3.2. Corrosion Rate and Morphology of the Stress Corrosion

The following corrosion rates were evaluated from immersion tests over 7 days: Mg10Dy1Nd corrodes at 1.53 mm/a, Mg10Dy at 2.46 mm/a and Mg1Nd at 0.79 mm/a. The twinned microstructure of Mg1Nd had no negative effect on the corrosion rate. Adding Nd to Mg10Dy lowers the corrosion rate. The electrochemical potential of Dy is −2.35 V, which is similar to that of Mg that has a value of −2.37 V. Dy in solid solution is not causing microgalvanic corrosion. The material in this study consisted of Mg-Dy and Mg-Dy-Nd second phases, like Mg24Dy5 and Mg5(Nd,Dy), which accelerate microgalvanic corrosion, compared to Mg1Nd and cause pitting corrosion. According to [18], the corrosion film is nonuniform and has a porous structure. A corrosion layer mainly consisting of MgO and Mg(OH)2 can be easily penetrated by Cl-ions and was not effective [49]; the film was slightly improved when alloyed with Nd.

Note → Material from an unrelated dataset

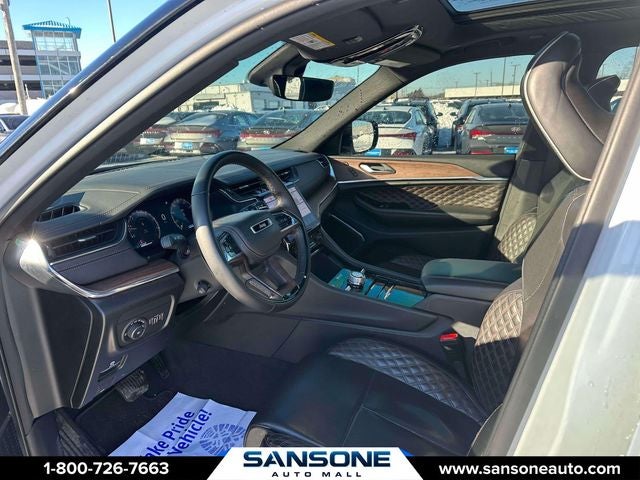 2023 Jeep Grand Cherokee Summit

The cross-sectional micrographs in Figure 5 show the amount and size of the corrosion pits and that the Mg10Dy alloy (Figure 5b,e) corroded more severely under the influence of plastic deformation than the Mg10Dy1Nd (Figure 5a,d) and Mg1Nd alloys (Figure 5c,f). The largest corrosion pits on each alloy are shown. The Mg1Nd alloy exhibited evidence of corrosion but only has a few corrosion pits. Even the material was heavily twinned, an almost uniform passive layer prevented from strong corrosion and pitting. The pit seen in Figure 5f had an elliptical shape; its pitting factor was 4. Due to the number of twins, a stronger corrosion attack was expected. The area opposite the C-ring opening on the tensile side, where the highest strain was expected and the corrosion product could delaminate, was found to be corroded preferentially. The Mg10Dy alloy showed more and much larger corrosion pits than the Mg10Dy1Nd alloy. The pit on the Mg10Dy1Nd alloy in Figure 5a had a semicircle shape and starts to undercut the surface. Its pitting factor was 20. The pits in Mg10Dy were all subsurface, the ongoing corrosion overlapped, and the deepest accumulation of pits had a pitting factor of 23. Narrow and deep pits caused high stresses, and the pits in the Mg-Dy-(Nd) alloy were more wide than deep, causing a moderate stress intensity.

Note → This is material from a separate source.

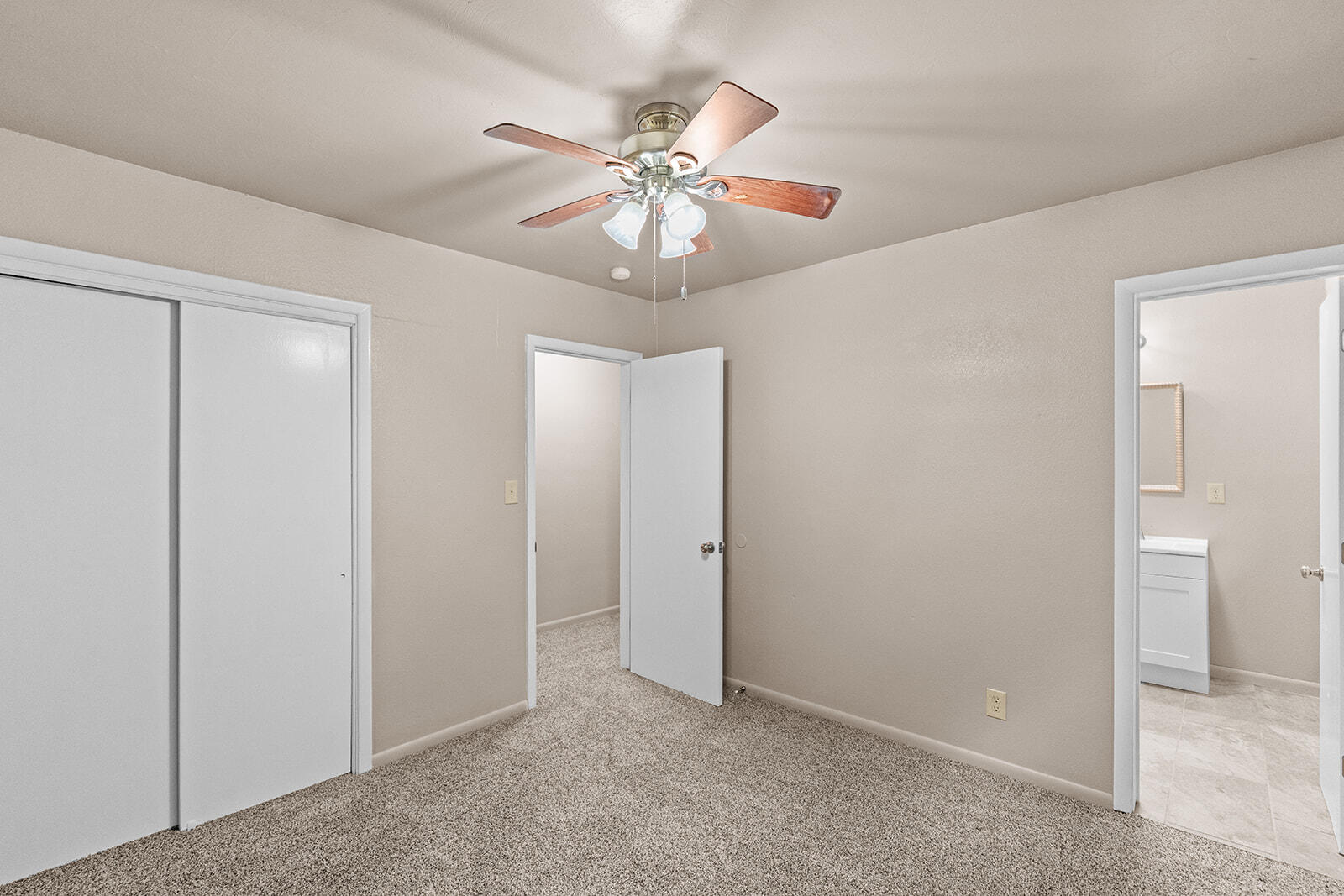 1538 East Lindberg Street Property Photo 19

Already by visual appearance of the Mg10Dy1Nd and Mg10Dy samples (not shown in this study) after the immersion tests, corrosion products were not formed uniformly, large accumulations of white corrosion products were seen. The area underneath the strong local formation of corrosion products was the one, where the pits have developed, see also [18,31]. Mg1Nd showed hardly any local corrosion products on the outer surface of the C-ring after 7 days. However, all samples had lost their metallic gloss.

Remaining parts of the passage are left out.